Take the entries below and reproduce them word for word.

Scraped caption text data

━━━━

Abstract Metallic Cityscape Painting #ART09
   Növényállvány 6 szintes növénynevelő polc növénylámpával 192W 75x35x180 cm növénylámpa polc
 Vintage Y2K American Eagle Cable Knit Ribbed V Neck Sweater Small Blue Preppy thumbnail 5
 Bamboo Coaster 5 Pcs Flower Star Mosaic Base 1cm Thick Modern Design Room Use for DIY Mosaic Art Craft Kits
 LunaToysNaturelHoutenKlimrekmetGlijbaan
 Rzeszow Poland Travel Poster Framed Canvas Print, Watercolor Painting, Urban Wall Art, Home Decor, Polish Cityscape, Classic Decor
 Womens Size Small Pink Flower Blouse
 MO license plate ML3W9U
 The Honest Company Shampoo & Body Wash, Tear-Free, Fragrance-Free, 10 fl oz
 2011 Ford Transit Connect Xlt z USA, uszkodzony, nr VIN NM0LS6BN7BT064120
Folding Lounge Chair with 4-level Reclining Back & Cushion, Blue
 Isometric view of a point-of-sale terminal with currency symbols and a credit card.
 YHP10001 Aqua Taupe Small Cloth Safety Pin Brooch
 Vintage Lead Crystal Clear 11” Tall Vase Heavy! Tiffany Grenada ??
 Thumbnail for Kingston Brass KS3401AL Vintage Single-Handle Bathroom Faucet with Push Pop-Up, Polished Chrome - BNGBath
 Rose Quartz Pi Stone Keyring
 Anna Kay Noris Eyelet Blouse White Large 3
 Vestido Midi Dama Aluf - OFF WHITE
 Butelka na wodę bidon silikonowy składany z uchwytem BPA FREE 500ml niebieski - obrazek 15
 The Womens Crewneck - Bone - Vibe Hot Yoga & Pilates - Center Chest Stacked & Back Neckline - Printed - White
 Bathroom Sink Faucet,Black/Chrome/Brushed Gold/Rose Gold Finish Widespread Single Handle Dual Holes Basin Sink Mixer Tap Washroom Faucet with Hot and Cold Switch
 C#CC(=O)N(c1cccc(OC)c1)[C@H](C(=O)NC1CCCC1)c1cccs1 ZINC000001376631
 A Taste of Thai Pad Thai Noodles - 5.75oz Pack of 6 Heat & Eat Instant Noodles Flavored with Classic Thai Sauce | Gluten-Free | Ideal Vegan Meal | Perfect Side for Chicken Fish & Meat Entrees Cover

━━━━

*ANSWER BOX*:
Abstract Metallic Cityscape Painting #ART09
   Növényállvány 6 szintes növénynevelő polc növénylámpával 192W 75x35x180 cm növénylámpa polc
 Vintage Y2K American Eagle Cable Knit Ribbed V Neck Sweater Small Blue Preppy thumbnail 5
 Bamboo Coaster 5 Pcs Flower Star Mosaic Base 1cm Thick Modern Design Room Use for DIY Mosaic Art Craft Kits
 LunaToysNaturelHoutenKlimrekmetGlijbaan
 Rzeszow Poland Travel Poster Framed Canvas Print, Watercolor Painting, Urban Wall Art, Home Decor, Polish Cityscape, Classic Decor
 Womens Size Small Pink Flower Blouse
 MO license plate ML3W9U
 The Honest Company Shampoo & Body Wash, Tear-Free, Fragrance-Free, 10 fl oz
 2011 Ford Transit Connect Xlt z USA, uszkodzony, nr VIN NM0LS6BN7BT064120
Folding Lounge Chair with 4-level Reclining Back & Cushion, Blue
 Isometric view of a point-of-sale terminal with currency symbols and a credit card.
 YHP10001 Aqua Taupe Small Cloth Safety Pin Brooch
 Vintage Lead Crystal Clear 11” Tall Vase Heavy! Tiffany Grenada ??
 Thumbnail for Kingston Brass KS3401AL Vintage Single-Handle Bathroom Faucet with Push Pop-Up, Polished Chrome - BNGBath
 Rose Quartz Pi Stone Keyring
 Anna Kay Noris Eyelet Blouse White Large 3
 Vestido Midi Dama Aluf - OFF WHITE
 Butelka na wodę bidon silikonowy składany z uchwytem BPA FREE 500ml niebieski - obrazek 15
 The Womens Crewneck - Bone - Vibe Hot Yoga & Pilates - Center Chest Stacked & Back Neckline - Printed - White
 Bathroom Sink Faucet,Black/Chrome/Brushed Gold/Rose Gold Finish Widespread Single Handle Dual Holes Basin Sink Mixer Tap Washroom Faucet with Hot and Cold Switch
 C#CC(=O)N(c1cccc(OC)c1)[C@H](C(=O)NC1CCCC1)c1cccs1 ZINC000001376631
 A Taste of Thai Pad Thai Noodles - 5.75oz Pack of 6 Heat & Eat Instant Noodles Flavored with Classic Thai Sauce | Gluten-Free | Ideal Vegan Meal | Perfect Side for Chicken Fish & Meat Entrees Cover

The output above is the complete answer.